▶ [Exercise]: Pictures stay out. Everything else in the entries is copied exactly.

<<<<

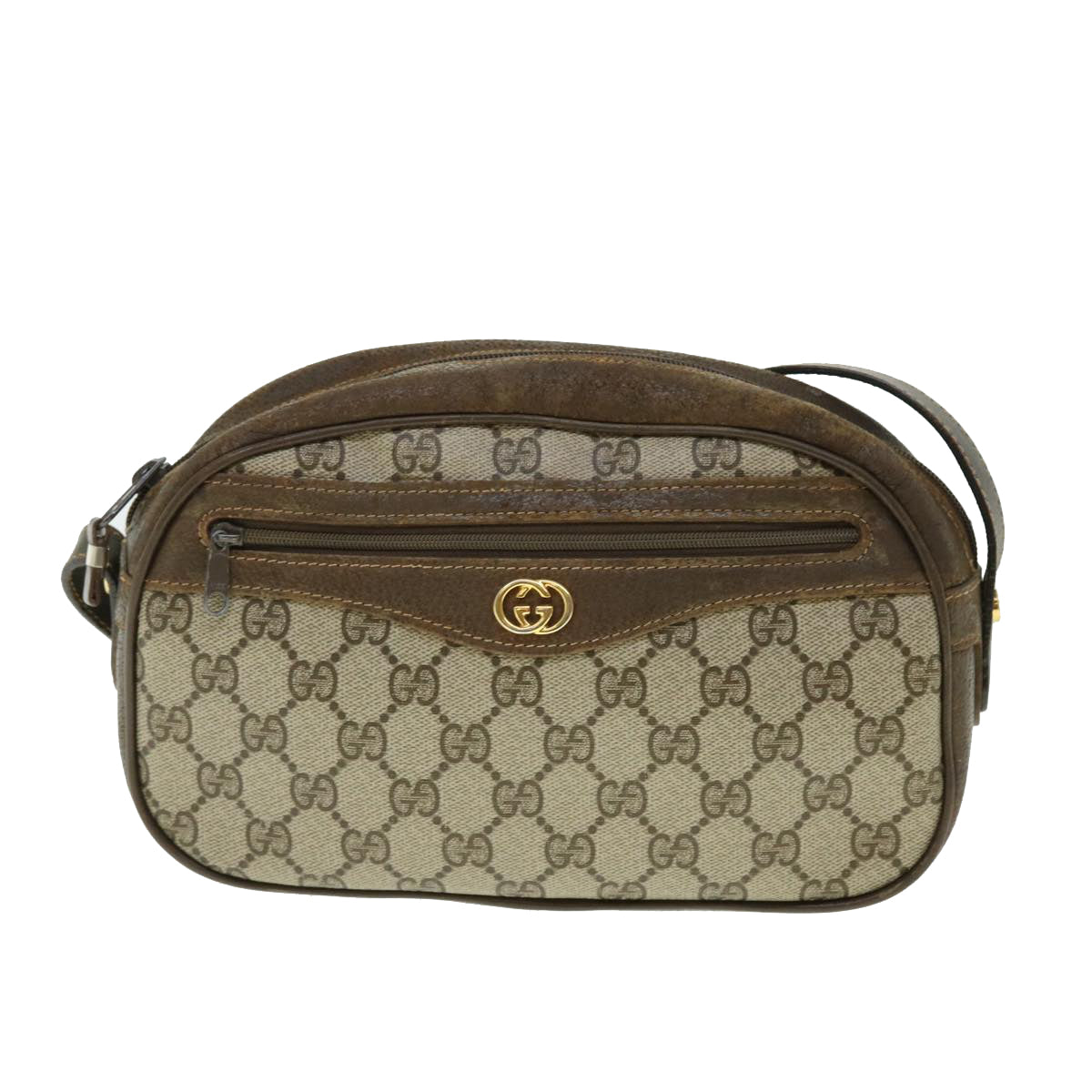 GUCCI GG Canvas Shoulder Bag Leather Beige 001 067 1283 bs7335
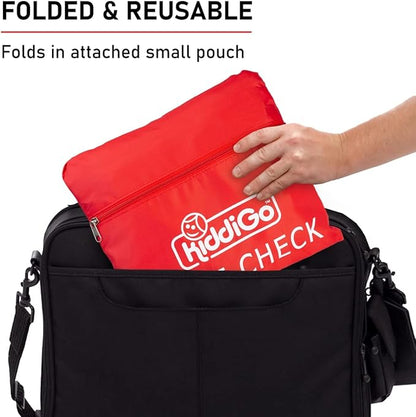 KiddiGo Car Seat Travel Bag for Airplane, Red, 33” H x 18” W x 18” D, Fits Most Standard Convertible, Booster & Infant Car Seats, Gate Check Universal Size Car Seat Cover, Easy Carry Design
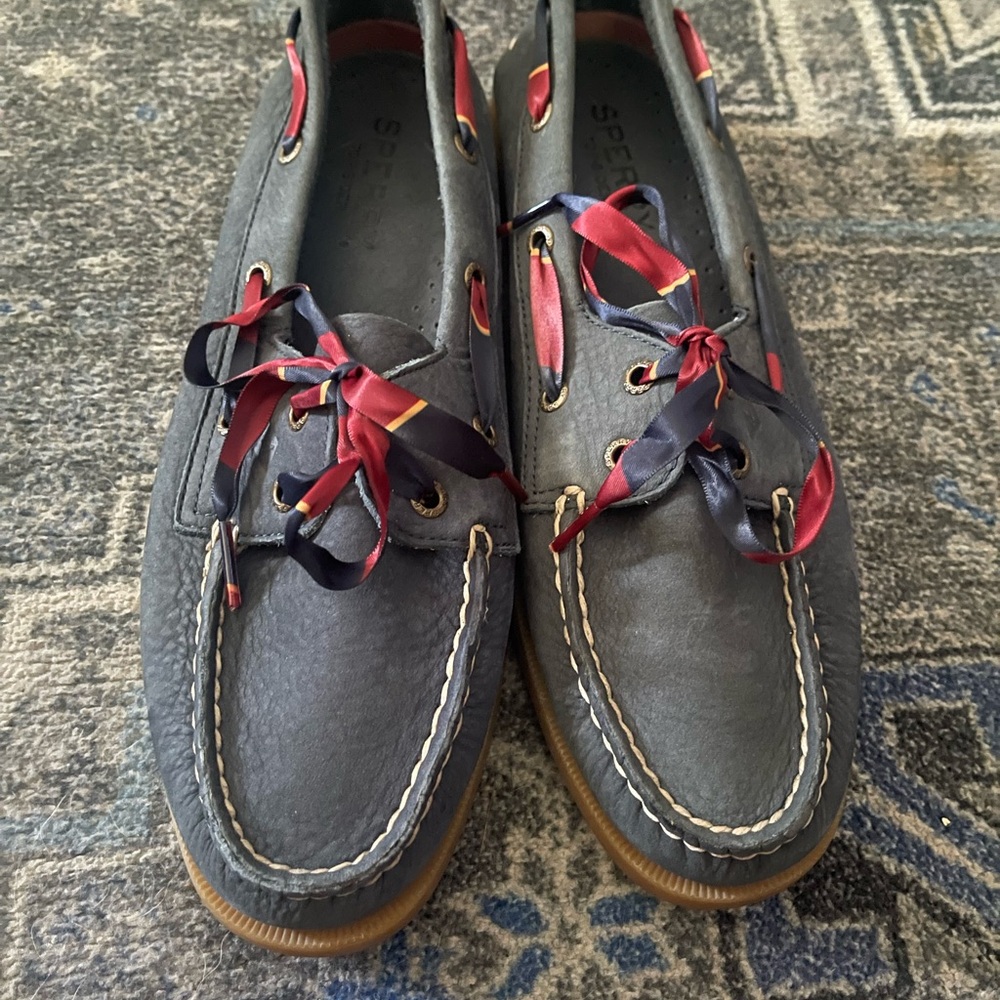 Navy Sperry Boat Shoes with Red and Blue Laces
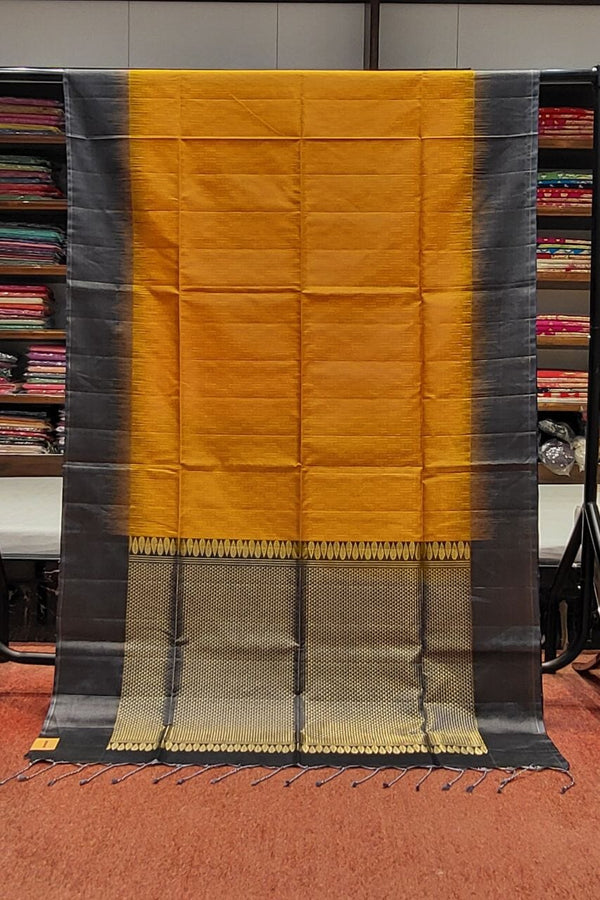 Mustard Yellow Saree In Malai Silk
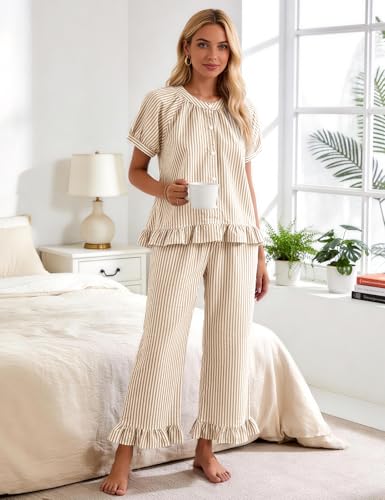 Flygo Womens Striped Pajama Sets Cotton 2 Piece Ruffle Lounge Pjs - color: Khaki, size: Medium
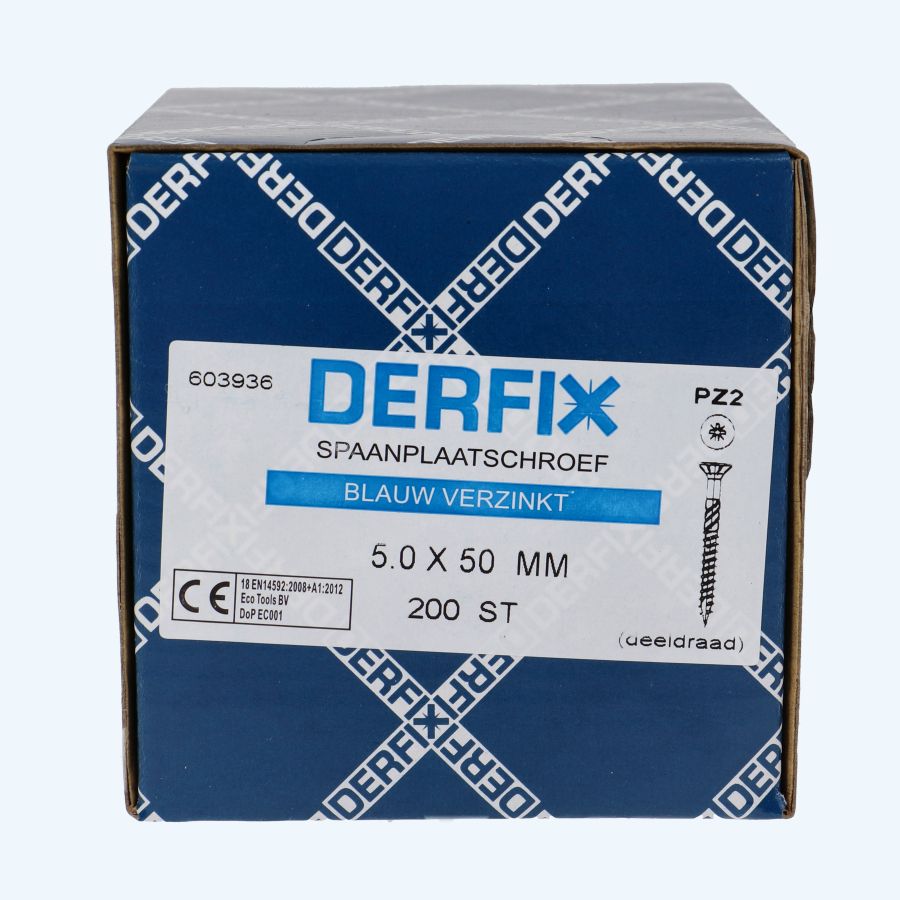 200 stuks spaanplaatschroef 5,0 x 50 mm / PZ2 / deeldraad
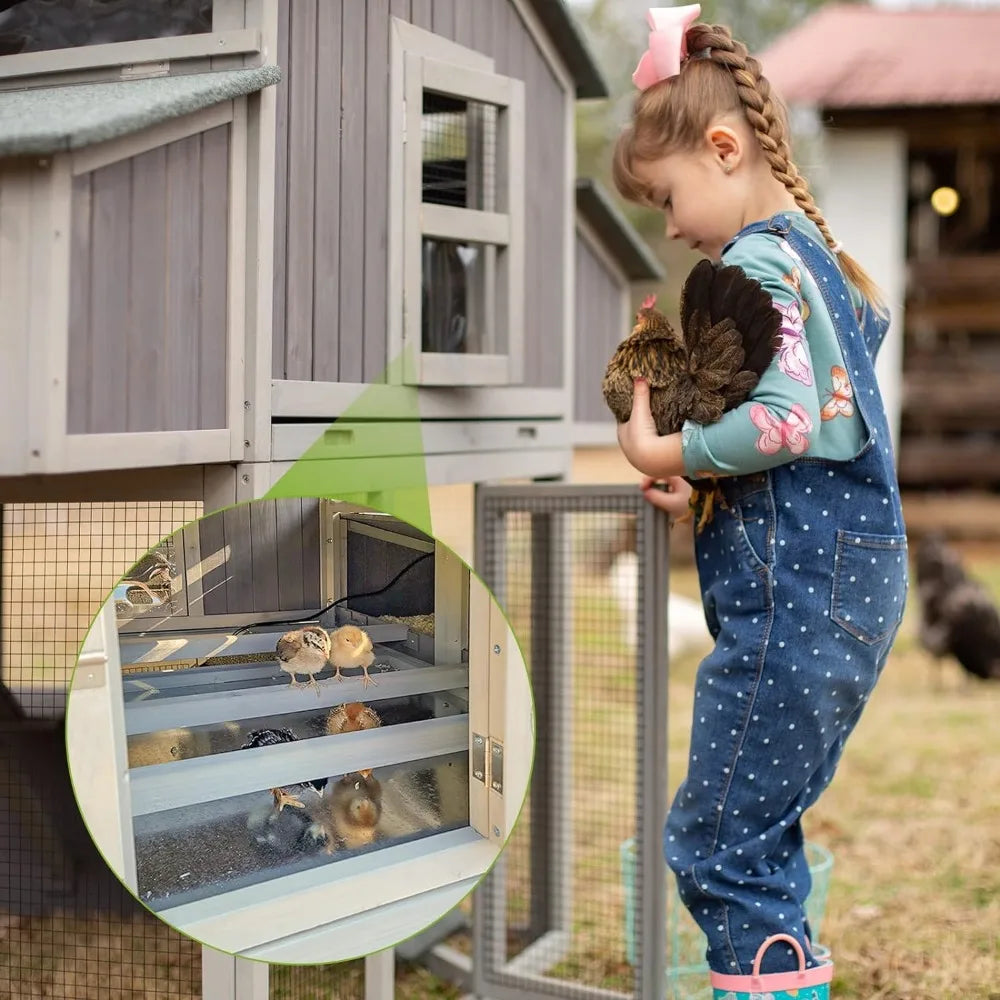 Foldable Hen House with Nesting Box and Run for 4-6 Chickens 26ft²-Super Easy to Assemble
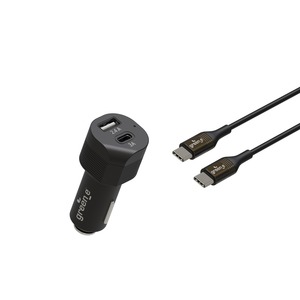 KIT CHARGEUR VOITURE 30W USB C ET A + CABLE C VERS C 1.3M (Câbles HDMI)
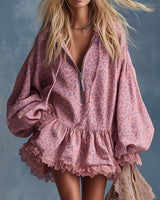 Minerva | Damen Leopardenmuster Mini Kleid mit Kapuze in Rosa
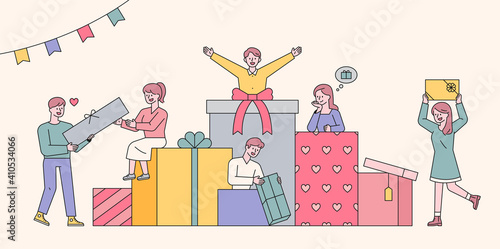 There are large gift boxes piled up. People are gathering around with gift boxes. flat design style minimal vector illustration.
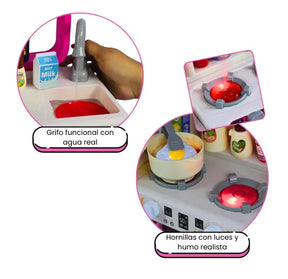 Cocina Infantil De 104 Piezas Realista Con Vapor, Luces Y Sonidos Para Niñas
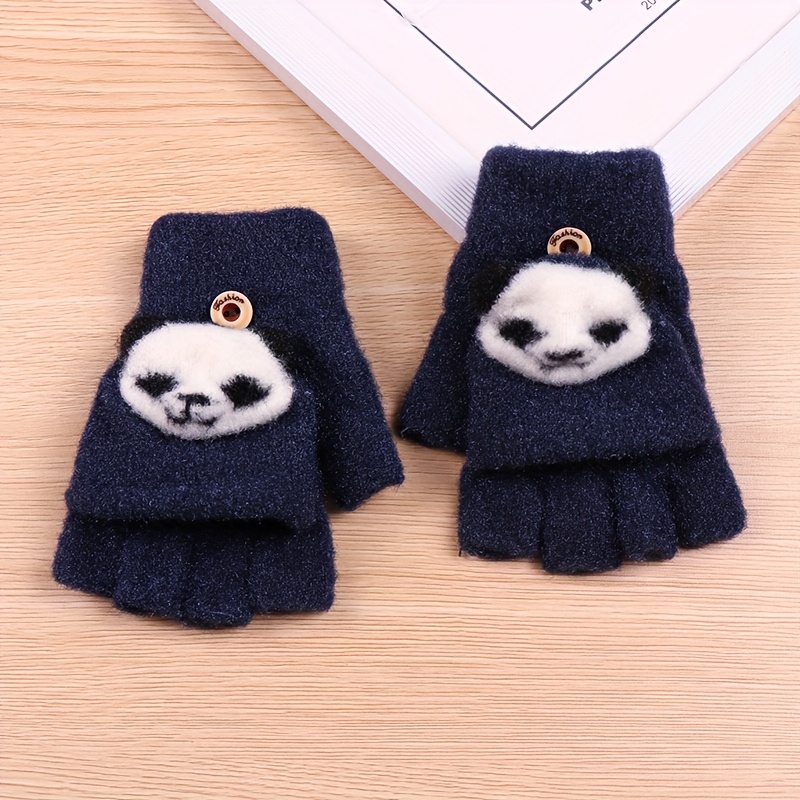 1pc Winter ted Flap Gloves - Fingerless ted Gloves - Fun Panda Design, Thick, L…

>>>>

▶ [Task response]:
 GUCCI GG Canvas Shoulder Bag Leather Beige 001 067 1283 bs7335
 KiddiGo Car Seat Travel Bag for Airplane, Red, 33” H x 18” W x 18” D, Fits Most Standard Convertible, Booster & Infant Car Seats, Gate Check Universal Size Car Seat Cover, Easy Carry Design
 Navy Sperry Boat Shoes with Red and Blue Laces
 Mustard Yellow Saree In Malai Silk
 Flygo Womens Striped Pajama Sets Cotton 2 Piece Ruffle Lounge Pjs - color: Khaki, size: Medium
 200 stuks spaanplaatschroef 5,0 x 50 mm / PZ2 / deeldraad
 Foldable Hen House with Nesting Box and Run for 4-6 Chickens 26ft²-Super Easy to Assemble
 KIT CHARGEUR VOITURE 30W USB C ET A + CABLE C VERS C 1.3M (Câbles HDMI)
 Minerva | Damen Leopardenmuster Mini Kleid mit Kapuze in Rosa
 There are large gift boxes piled up. People are gathering around with gift boxes. flat design style minimal vector illustration.
 Cocina Infantil De 104 Piezas Realista Con Vapor, Luces Y Sonidos Para Niñas
 1pc Winter ted Flap Gloves - Fingerless ted Gloves - Fun Panda Design, Thick, L…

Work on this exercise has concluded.